El primero de ellos se produjo con el denominado Caso Alsasua. Resulta sencillamente incomprensible que aquello que a todas luces es una agresión o, en el mejor de los casos, una pelea de bar, pueda caer dentro del tipo penal de terrorismo. La ley en ningún caso debería ir contra el sentido común, pero sobre todo nunca contra la semántica. La pretensión de forzar el lenguaje para considerar terrorismo hechos como los que sucedieron en Alsasua, por más execrables que sean, responde a criterios políticos, ideológicos e incluso electorales que están muy alejados de aquello que debería ser un Estado de Derecho. Construir un significado para las palabras, ajeno al más elemental consenso lingüístico, no solo aleja a los ciudadanos de la ley por considerarla incomprensible, sino que además puede afectar a la más elemental seguridad jurídica.
Si en el ejemplo anterior la responsabilidad recae del lado del legislador, que busca construir significado con fines político-ideológicos, en otros casos son aquellos que aplican la ley quienes cometen aberraciones semánticas. La enorme polémica suscitada por el llamado caso de La Manada tiene mucho que ver con aquello que la jurisprudencia del Tribunal Supremo entiende por intimidación y que no ha permitido condenar a los acusados por el delito de agresión sexual, en una violación grupal en la que resulta prácticamente imposible no percibir elementos intimidatorios de una claridad meridiana. La técnica jurídica, aun siendo imprescindible, no debería impedir que los ciudadanos tuviesen una razonable comprensión de la norma y de su aplicación que no entre en colisión con el significado con el que dotan a las palabras y que no requiera de una licenciatura en derecho para ser entendida.
El lenguaje jurídico y administrativo no solo resulta muchas veces incomprensible (basta hacer cada año la declaración de la renta para darse cuenta), sino que adolece de una retórica decimonónica que genera una distancia artificial entre el ciudadano y la norma. Utilizar expresiones como “acceso carnal”, en vez de penetración, parece más propio de una novela de Leopoldo Alas Clarín que de un texto que debe regular la convivencia en pleno siglo XXI.

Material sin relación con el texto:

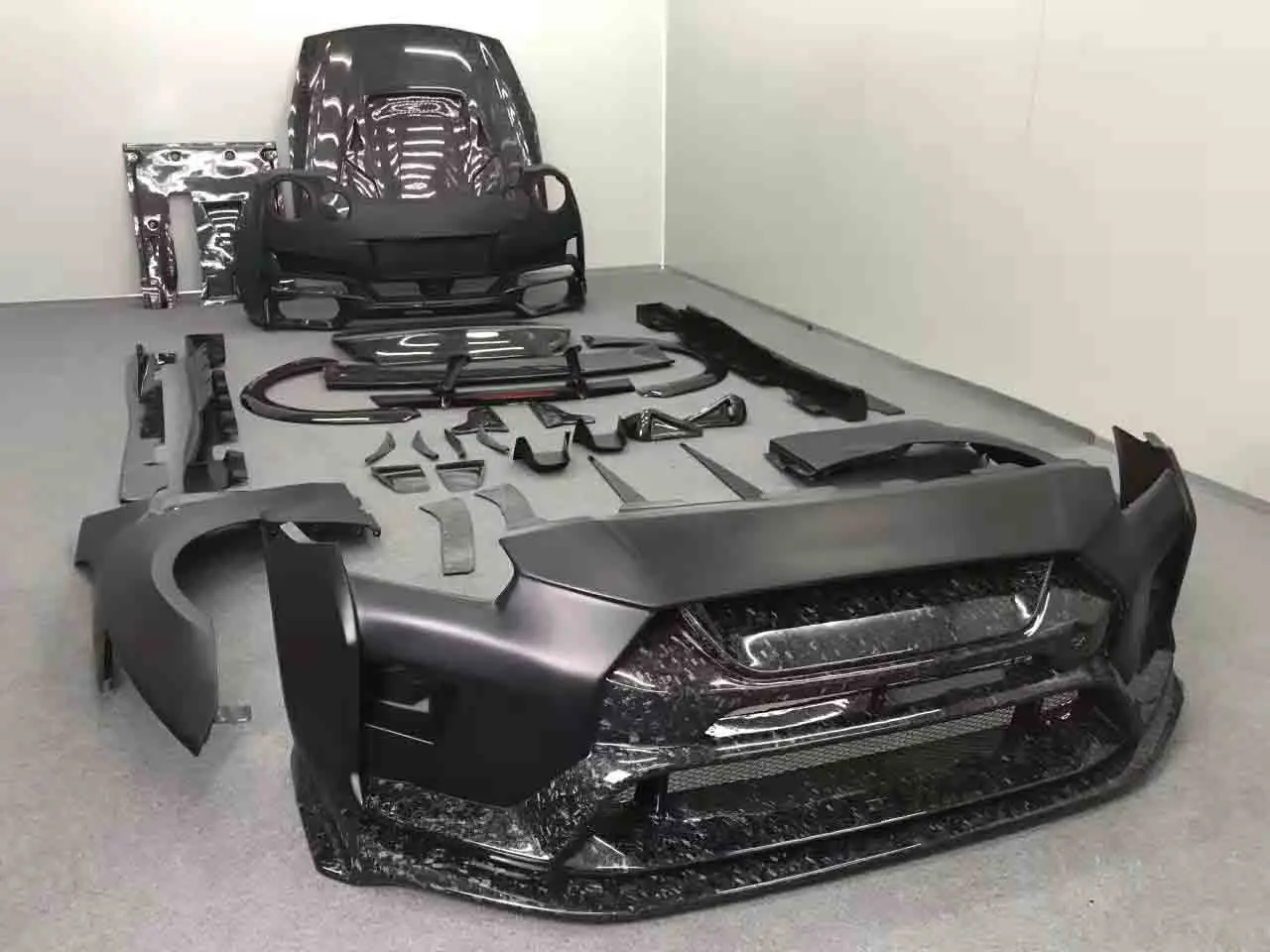 Va-ris نمط سيارة FRP مصدات الكربون الحقيقي محرك هود التنانير الجانبية الناشر طقم الجسم ل GTR R35 الإعداد المثالي #3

La inteligibilidad de las normas y la comprensión y certidumbre acerca su aplicación son elementos centrales para la creación de una cultura democrática que permita a los ciudadanos identificarse con el Estado de Derecho. Al fin y al cabo, es imposible identificarse con aquello que no se entiende. Las instituciones democráticas están obligadas a no ignorar el consenso lingüístico y a compartir código comunicativo con los ciudadanos, evitando caer en retóricas y semánticas ajenas que necesitan de una traducción nunca perfecta. Los sistemas de inspiración napoleónica adolecen particularmente de ese tipo de problemas. Cortocircuitan la comunicación y crean un lenguaje propio y aislado que no solo diverge del de los ciudadanos, sino que en ocasiones se opone a él. En cambio, los sistemas anglosajones, menos codificados y más vigilantes ante la burocratización, resultan más evolutivos y adaptativos y, aunque plantean otro tipo de problemas, suelen ser en términos generales más inteligibles para los ciudadanos.
Aunque en ocasiones se ha exagerado la desafección de los ciudadanos con el sistema democrático, este fenómeno de las sociedades contemporáneas requiere atención. El lenguaje, como herramienta comunicativa, es fundamental en la relación entre las instituciones públicas, las normas y aquellos que están sujetos a ellas. Es urgente una mayor reflexión sobre estas cuestiones que impida que se ensanche la brecha entre la construcción de significado de las instituciones y la de los ciudadanos. Si el lenguaje es cultura, necesitamos de un lenguaje común para una cultura democrática compartida.